Material provided:

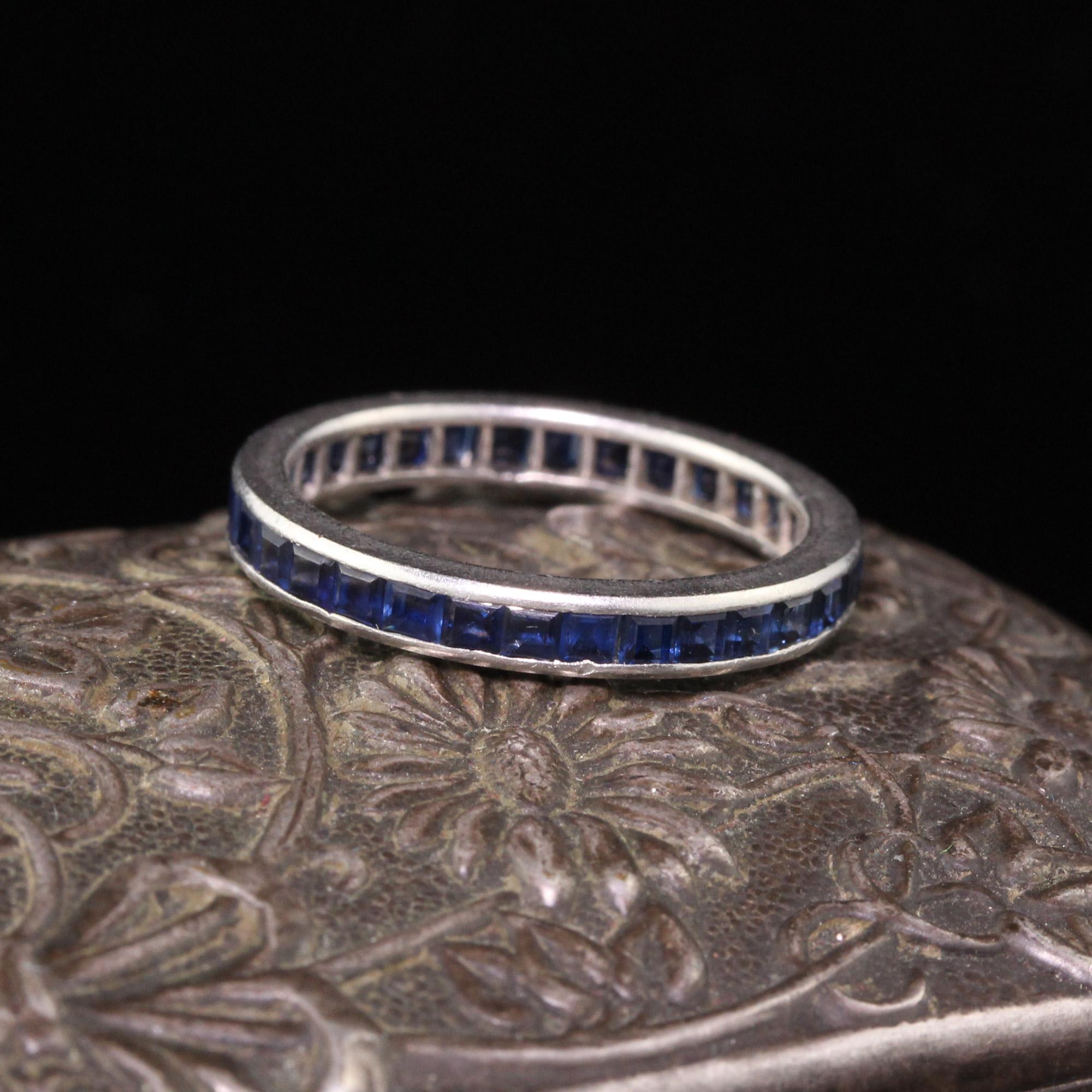 Gorgeous Art Deco Tiffany & Co platinum sapphire eternity band with square cut sapphires. The ring is in good condition. 

#R0349

Metal: Platinum 

Weight: 2.5 Grams

Ring Size: 5

*Unfortunately this ring cannot be sized.

Measurements: 2.63 mm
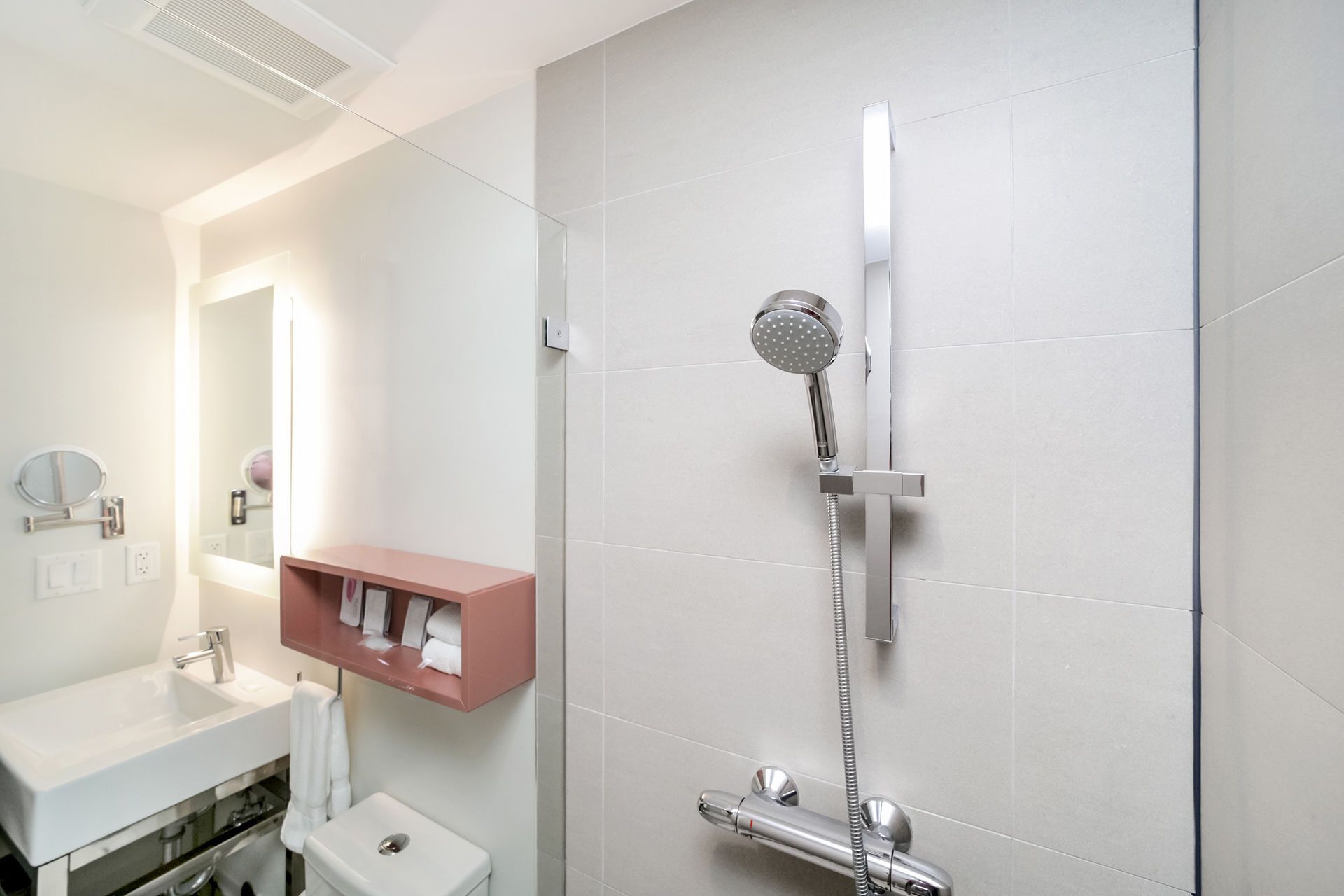 Bathroom with a shower, sink, and toilet. White walls and fixtures; pink shelf.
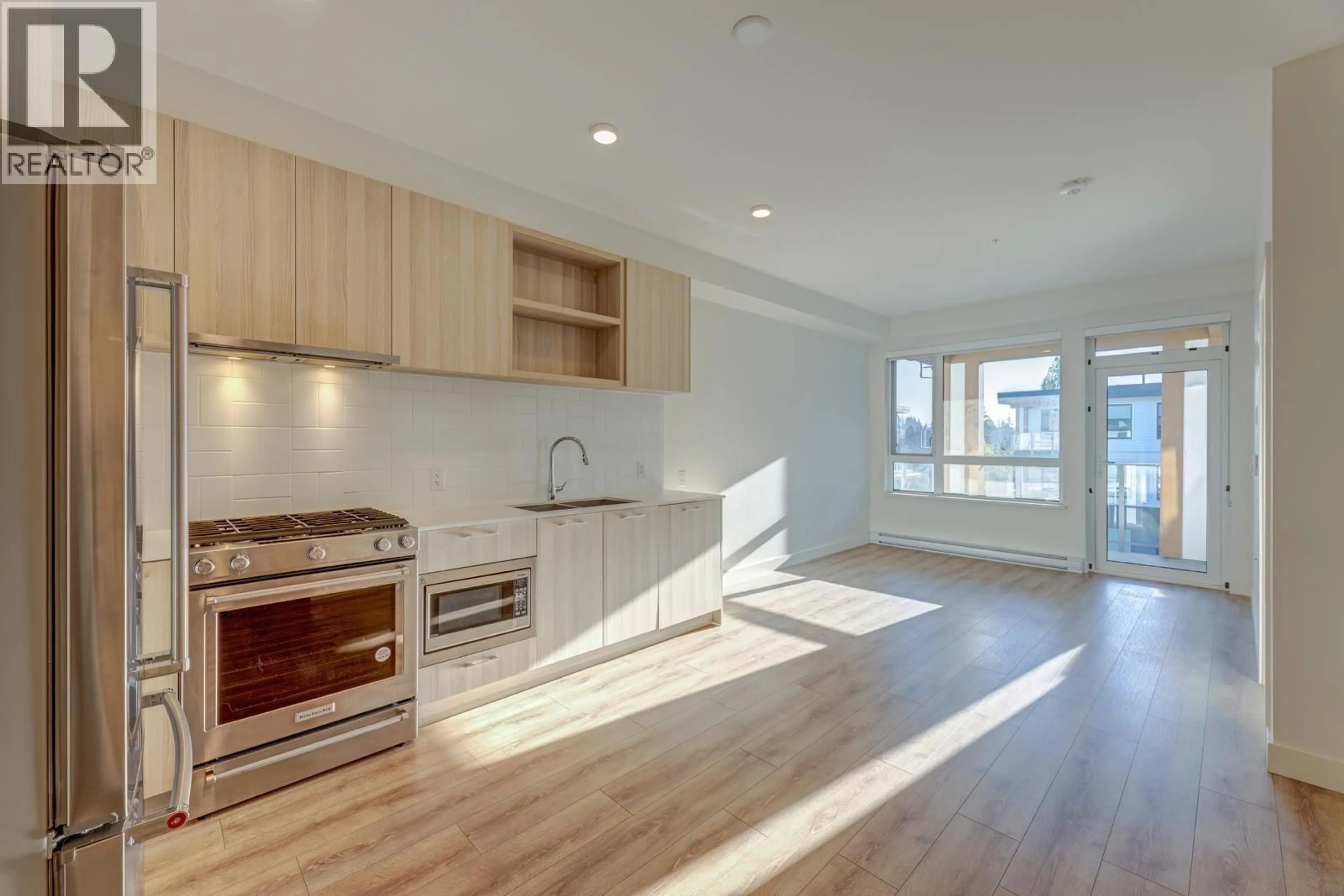 Open concept kitchen, wood/laminate floor for 616 - 735 ANSKAR CRESCENT, Coquitlam British Columbia V3J0L7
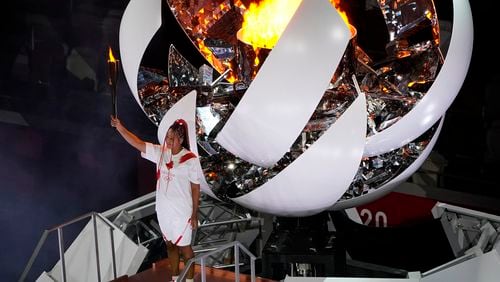 FILE - Naomi Osaka lights the Olympic cauldron during the opening ceremony at the Olympic Stadium at the 2020 Summer Olympics, July 23, 2021, in Tokyo. (AP Photo/Morry Gash)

Try it: Pictures aside, repeat every entry exactly as written.

Answer for this exercise:
 Gorgeous Art Deco Tiffany & Co platinum sapphire eternity band with square cut sapphires. The ring is in good condition. 

#R0349

Metal: Platinum 

Weight: 2.5 Grams

Ring Size: 5

*Unfortunately this ring cannot be sized.

Measurements: 2.63 mm
 Bathroom with a shower, sink, and toilet. White walls and fixtures; pink shelf.
 Open concept kitchen, wood/laminate floor for 616 - 735 ANSKAR CRESCENT, Coquitlam British Columbia V3J0L7
 FILE - Naomi Osaka lights the Olympic cauldron during the opening ceremony at the Olympic Stadium at the 2020 Summer Olympics, July 23, 2021, in Tokyo. (AP Photo/Morry Gash)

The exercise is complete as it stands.